### Problem:
Without the pictures, give the entries below again exactly as written.

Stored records
■ ■ ■ ■ ■
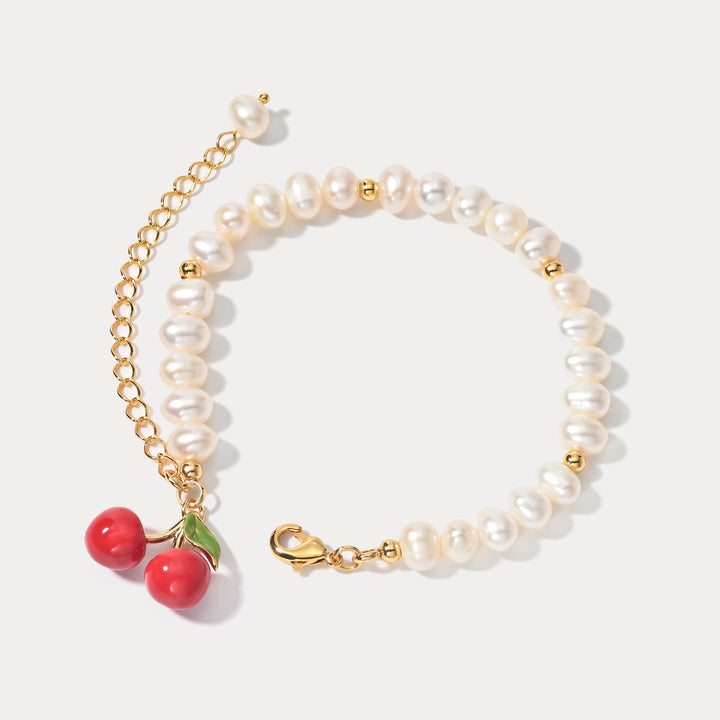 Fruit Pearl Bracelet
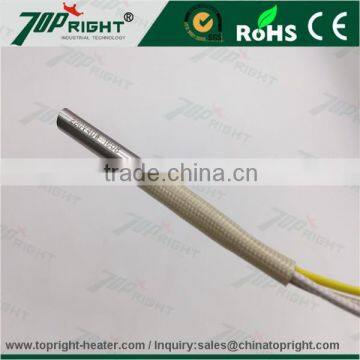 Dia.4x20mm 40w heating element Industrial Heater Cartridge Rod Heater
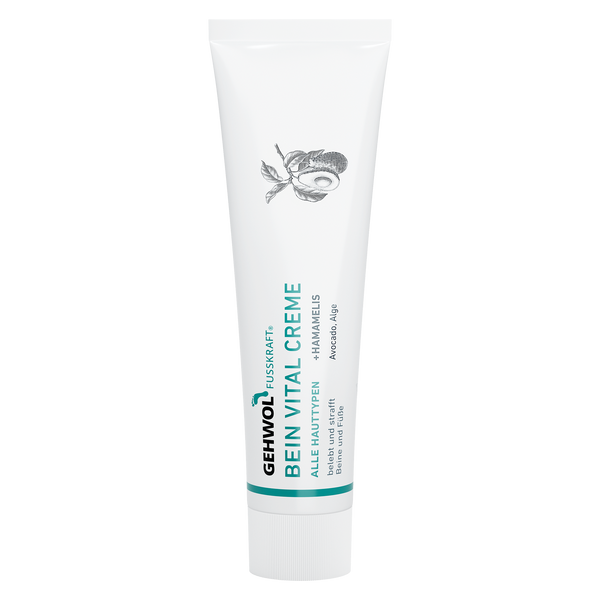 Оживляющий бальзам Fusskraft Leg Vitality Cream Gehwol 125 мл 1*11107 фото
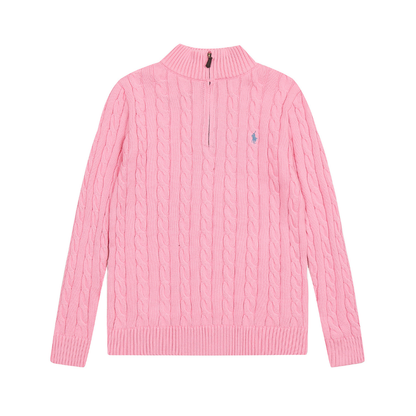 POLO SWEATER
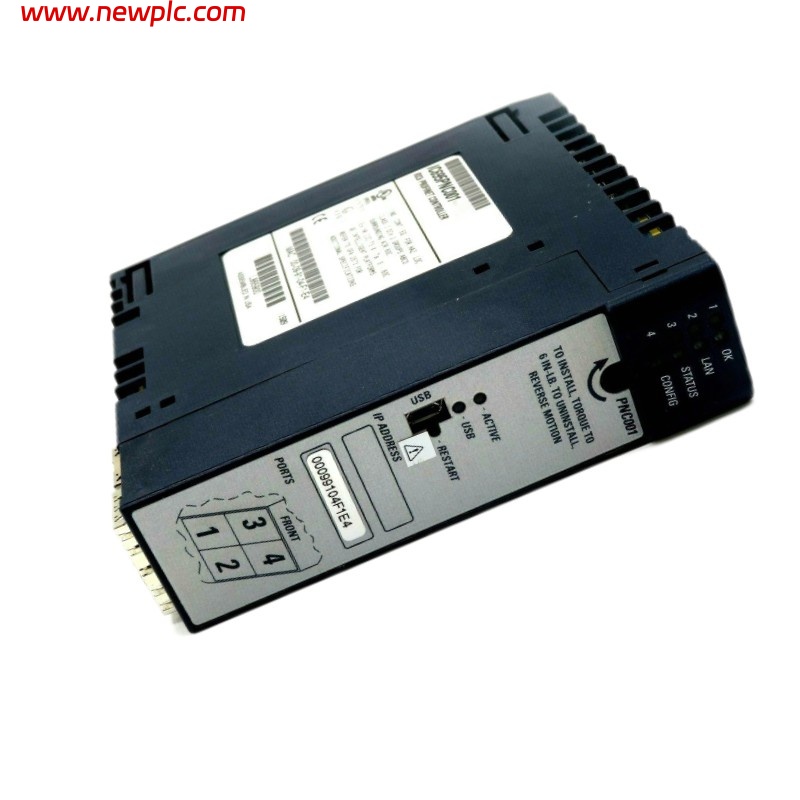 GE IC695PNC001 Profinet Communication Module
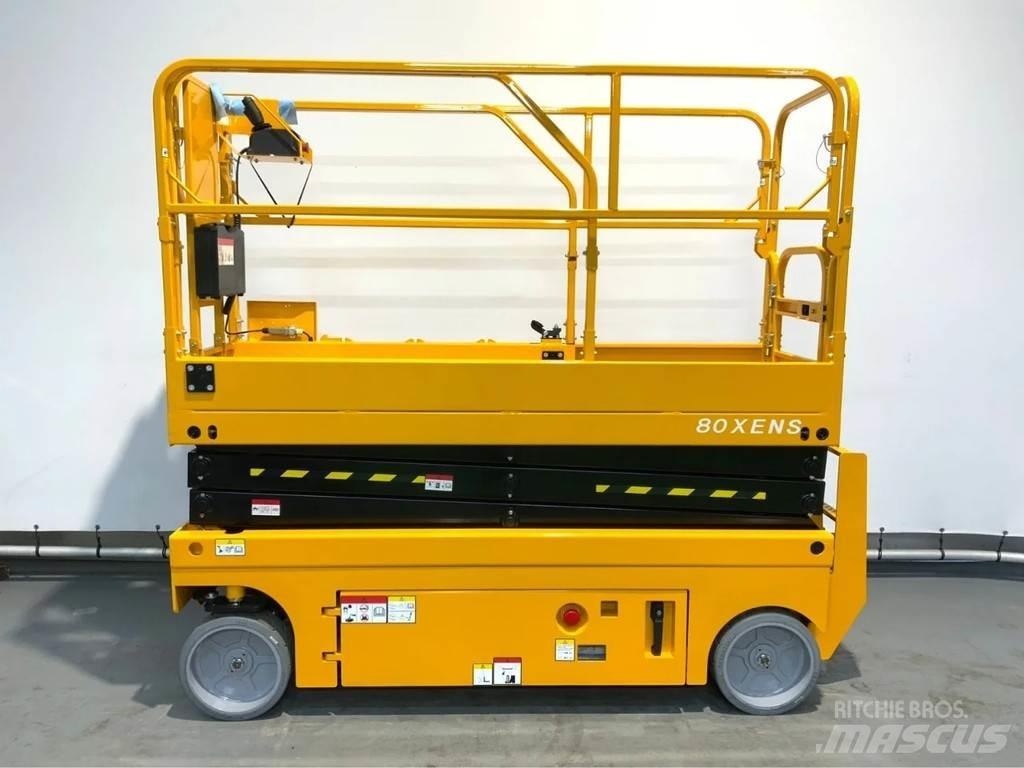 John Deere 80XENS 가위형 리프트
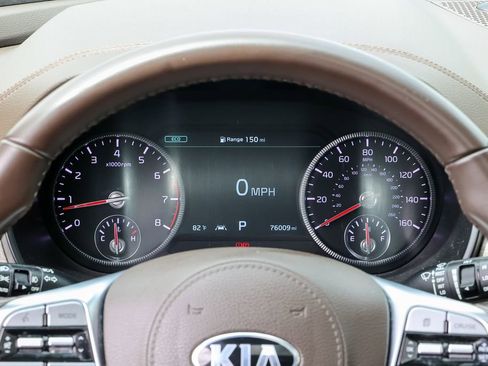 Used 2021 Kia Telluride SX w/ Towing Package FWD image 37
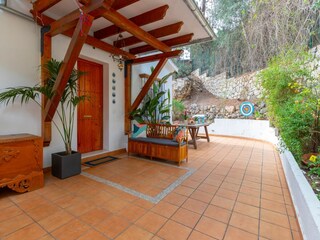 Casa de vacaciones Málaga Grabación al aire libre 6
■ ■ ■ ■ ■
### Response area:
 Fruit Pearl Bracelet
 Dia.4x20mm 40w heating element Industrial Heater Cartridge Rod Heater
 Оживляющий бальзам Fusskraft Leg Vitality Cream Gehwol 125 мл 1*11107 фото
 POLO SWEATER
 GE IC695PNC001 Profinet Communication Module
 John Deere 80XENS 가위형 리프트
 Used 2021 Kia Telluride SX w/ Towing Package FWD image 37
 Casa de vacaciones Málaga Grabación al aire libre 6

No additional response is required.